例えば、DSAPI フィルタを記述して、Web ユーザーにカスタムな認証を提供することができます。Web クライアント用の Windows シングルサインオンの場合、DSAPI フィルタをインストールする必要はなく、フィルタのインストールに依存することもありません。ただし、一部の DSAPI フィルタについては、Domino サーバー (または Domino サーバー上の特定の Web サイト) で Windows シングルサインオンが無効になっている場合、適切にデプロイすることはできません。

DSAPI 認証のカスタマイズと Web クライアント用の Windows シングルサインオンを組み合わせる方法が一般的ですが、あるサーバーの URL に対してアクセスを規制し、別のサーバーの URL に対しては標準の Domino 認証後にアクセスを許可する、などのように DSAPI フィルタを使用することもできます。特定の URL に対するアクセスを規制するため、DSAPI フィルタによってカスタムログイン処理が補助的に実行される場合があります。この場合、サードパーティシステムの呼び出しを行ってユーザーを確認し、必要となる追加の資格情報が作成されることになります。この場合、Web クライアント用の Windows シングルサインオンが設定された環境内で DSAPI フィルタを正しく実行するためには、認証処理に必要となるすべてのケース (アプリケーションのログインページの表示やログイン入力の処理など) を DSAPI フィルで処理する必要があります。ユーザー認証を DSAPI フィルタによって適切に処理できれば、Domino によるユーザー認証は不要になり、Windows シングルサインオンも実行されません。
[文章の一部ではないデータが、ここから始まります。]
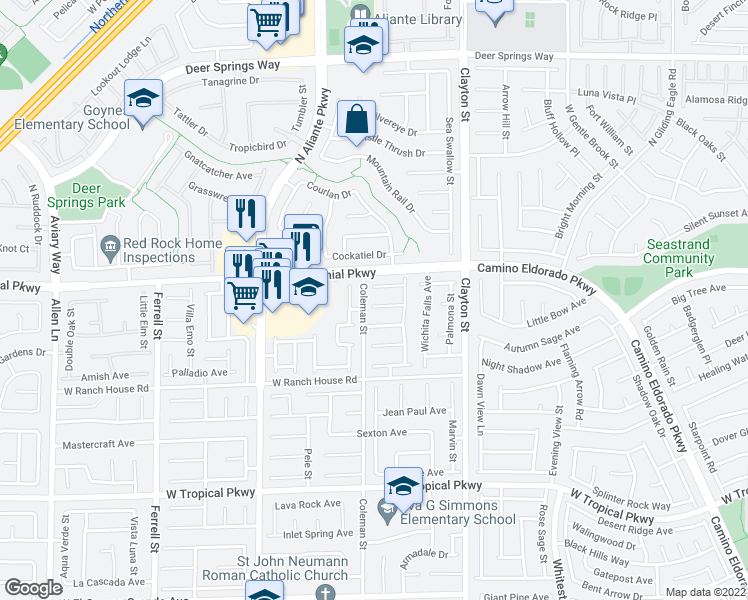 map of restaurants, bars, coffee shops, grocery stores, and more near 2312 Ridge Back Court in North Las Vegas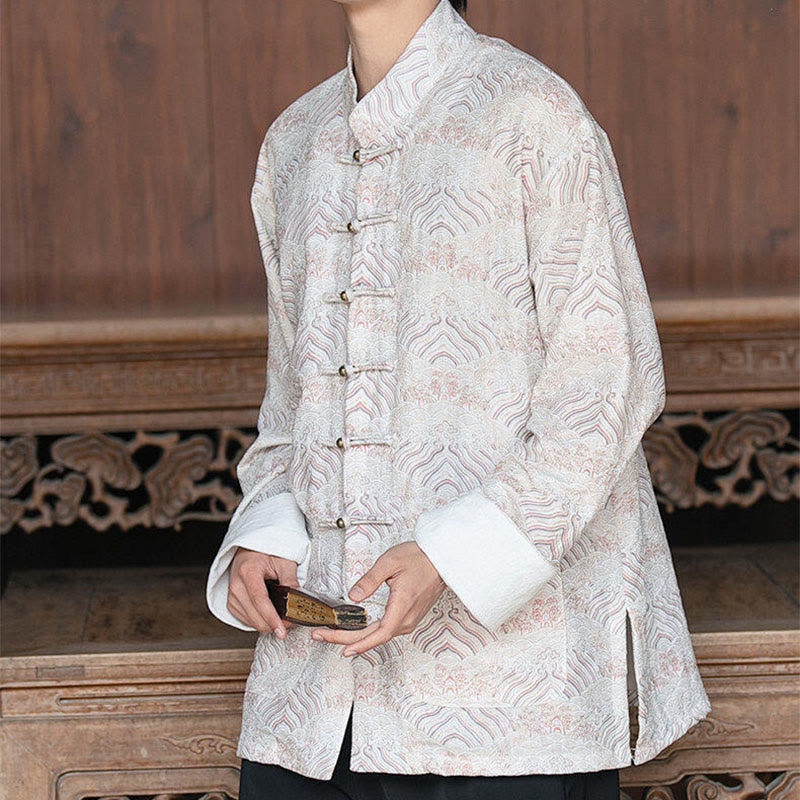 Buddha Stonesプリント花柄メンズボタンデザイン長袖シャツ（ポケット付き） - image 8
一部の DSAPI 認証フィルタの場合、Web クライアント用の Windows シングルサインオンではサポートされません。Windows シングルサインオン環境のユーザーの場合、Domino のログインページは表示されないため、ユーザー名とパスワードを収集する Domino のログインページに依存する DSAPI フィルタはサポートされません。また、基本の認証ヘッダーで指定された Web サーバーに送信されるユーザー名とパスワードに DSAPI フィルタが依存する場合も、DSAPI フィルタはサポートされません。さらに、Domino を拡張して SPNEGO プロトコルを提供する DSAPI フィルタは、Web クライアント用の Windows シングルサインオンが有効になっている場合はサポートされません。これは、Windows シングルサインオンを処理する Domino に対して干渉が発生するためです。Web クライアント用の Windows シングルサインオンとは互換性のない DSAPI フィルタを継続して使用する場合は、Web クライアント用の Windows シングルサインオンが有効になっている Web サイトとは別の Web サイトに、現在の非互換の DSAPI フィルタをデプロイする必要があります。